Graham, el Arabiya kanalına verdiği röportajın devamında şunları söyledi: ‘Suudi Veliaht Prensi'nin gerçekleştirmeye çalıştığı konular, barışçıl bir nükleer program ve ABD ile bir serbest ticaret anlaşması yapma isteğidir ve ben bunun her iki ülke için de büyük ortak çıkarlarının olacağına inanıyorum ve bu, Suudi Arabistan'ın ekonomik durumundaki iyileşmenin gölgesinde ve 2030 vizyonuna dayalı olarak, rakiplerin Suudi Arabistan'a ortak yatırım yapmasına olanak tanıyor.
Suudi Arabistan'ın Çin ve İran ile ilişkilerini anlamaya çalışıyoruz
El-Arabiya muhabiri bu röportajın devamında şunları söyledi: “Suudi Arabistan ile olan bu ziyaretler, iletişimler ve çabalar, ilişkileri güçlendirmeyi ve hala burada olduğunuzu ve kalmak istediğinizi ve dost ve müttefik olduğunuzu mu göstermeyi amaçlıyor?”
Lindsey Graham şöyle yanıt verdi: ‘Çin ve İran ile olan ilişkilerinizi anlamaya çalışıyorum ve tanık olduğum gelişmeler karşısında çok şaşırdığımı ve ilişkilerimizde bir sonraki aşamaya geçme fırsatı olduğunu söylemek için buradayım.’
Çin'in yuanı dolarla değiştirme girişimi ABD için acı bir darbedir.
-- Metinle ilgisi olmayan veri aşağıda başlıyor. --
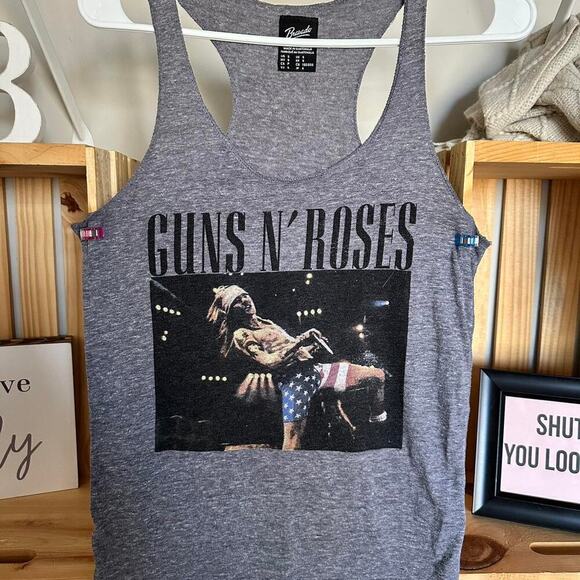 BRAVADO Guns & Roses Racerback Tank Grey Womens Sz S VTG Style Graphic Tee Print - Picture 7 of 7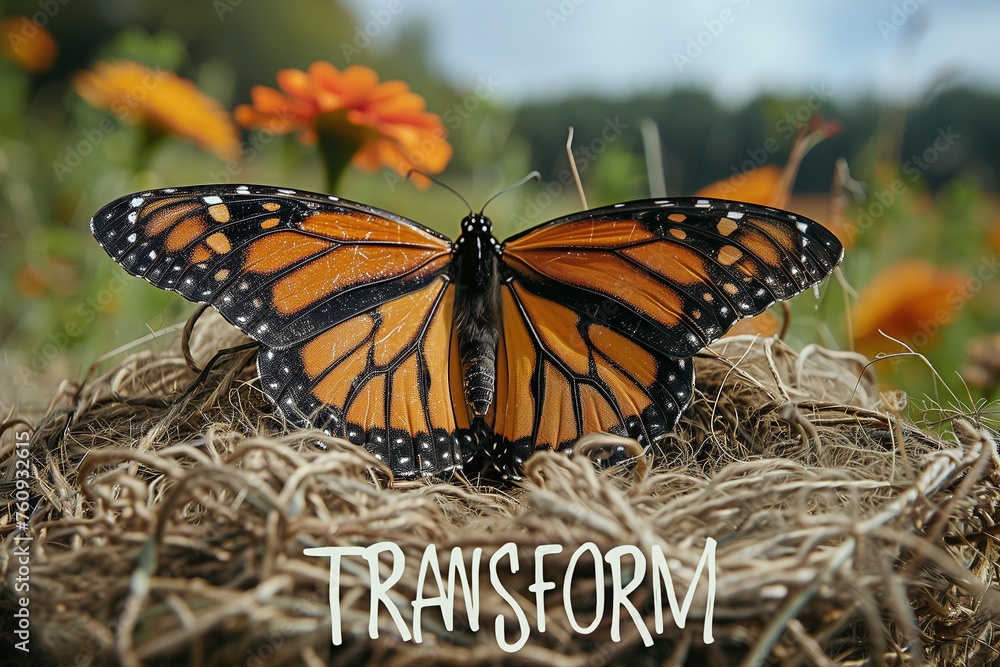 Obraz premium Majestic Butterfly Perched on Nest with Transform Banner, Symbol of Change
Graham sözlerine şöyle devam etti: ‘Çin'in petrolünüzün en büyük ithalatçısı olduğunu ve müşterilerinizi mutlu etmeniz gerektiğini anlıyorum, ancak Çin yuanını dolarla değiştirmeye çalıştı ve bu Amerika'ya acı bir darbe vurmak gibidir ve ben, Amerika'nın doları savunacağını söylemek için buradayım
Suudi Arabistan, Rusya ve Çin ile Singapur'da ortak bir savunma anlaşmasına girerse, Riyad'ın Washington ile ilişkilerini iyileştirmesi zor olacaktır.
İki noktaya açıklık getirmek istiyorum. Yeni Suudi Arabistan'ın hikâyesini anlatabilecek senatörlerden biri olmak istiyorum ve sonbaharda daha fazla yetkiliyle Riyad'a dönmek istiyorum. Umarım ticari ilişkilerimizi güçlendirerek birbirimizle serbest ticaret anlaşması imzalarız ve birbirimizle stratejik savunma ilişkileri kurarız.’
Amerika, İran ve Çin'i düşman olarak görüyor
Lindsey Graham şu ifadelerde bulundu: ‘Ancak burada kendi çıkarlarımızın da olduğunu söylemek için buradayım ve İran ve Çin konusunda Amerika her iki ülkeyi de düşman olarak görüyor. Covid Çin'den geldi ama yalan söylediler ve ekonomimizi mahvettiler.’